The Old and Obsolete IT Department
The IT department was created in the dawn of the age of technology, and it served businesses well back then. Corporations were formed by a handful of really smart individuals, which took the roles of President or CEO, and set the vision of the overall company. This person then hired the core team of business leaders: Chief Technical Officer, Chief Financial Officer, Chief Operations Officer, Chief Marketing Officer, Senior Vice President of Sales, General Counsel and so on. The most critical for roles that drove business were of course the heads of the Sales and Marketing departments, driving the CEO’s vision. They did the market research, identified revenue streams and new markets, and set the company’s heading. This means they chose who the target audience of their products were going to be, and which products they would invest in and develop.
The CTO was the facilitator when it came to technology; he was present at the table in those discussions, and made known what was technically feasible and what the cost of the investment would likely be. Thus, the IT department was born. It’s mission: to bring together some of the smartest and most technical people the company could find, put them all in one room, and drive them to forge relationships with the rest of the business departments to facilitate any technological needs the company had.
When software came along, that was a new thing as well, and now companies had to figure out if that was still IT or something else. And most of the time, it became “application teams”, which also reported to the CTO for the most part. IT then was networking, hardware and virtualization environments, corporate office and printer management, managing the organization’s corporate directory and email servers, and so on. Application teams then would focus on development of software the company needed; and once the software is ready, they would package it up, write instructions on how to deploy it, and hand it off to IT to install and maintain it. The IT department now of course also took on the role of deploying this software and maintaining it in production, at least from an operational standpoint. Next, in the 90s, we have security starting to become a concern, and again the heroes of IT step in, and become the champions of yet another thing.

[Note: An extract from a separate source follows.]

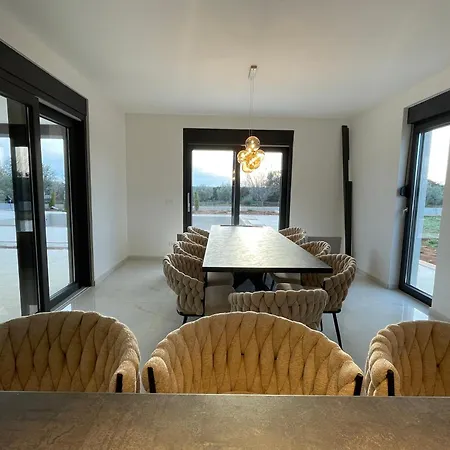 Podversie Villa *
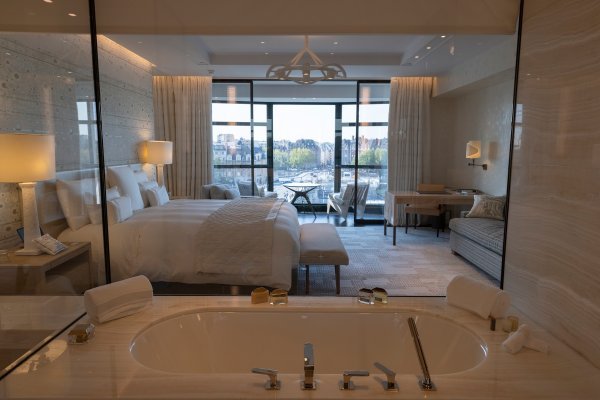 Hotel Cheval Blanc Paris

Fast forward a few decades, and we have IT basically either have an incredible budget, with lots of granular procedures and sub-teams focused on each of the above areas or more; or we have a small group of cross-functional under-budgeted team doing their best to keep things running. In either case one thing is obvious: there are inevitable delays when something crosses boundaries.
This type of organizational structure of course is also what led to the adoption of the waterfall model in software development. From a CEO’s perspective, you ended up having the smartest people at the top, the Marketing and Sales leads, which would set the vision and delegate down to directors of divisions, which would break things down more and delegate to research teams and project managers, which would then break the problem into byte-size tasks, which would be handed down to programmers to turn into machine logic/code.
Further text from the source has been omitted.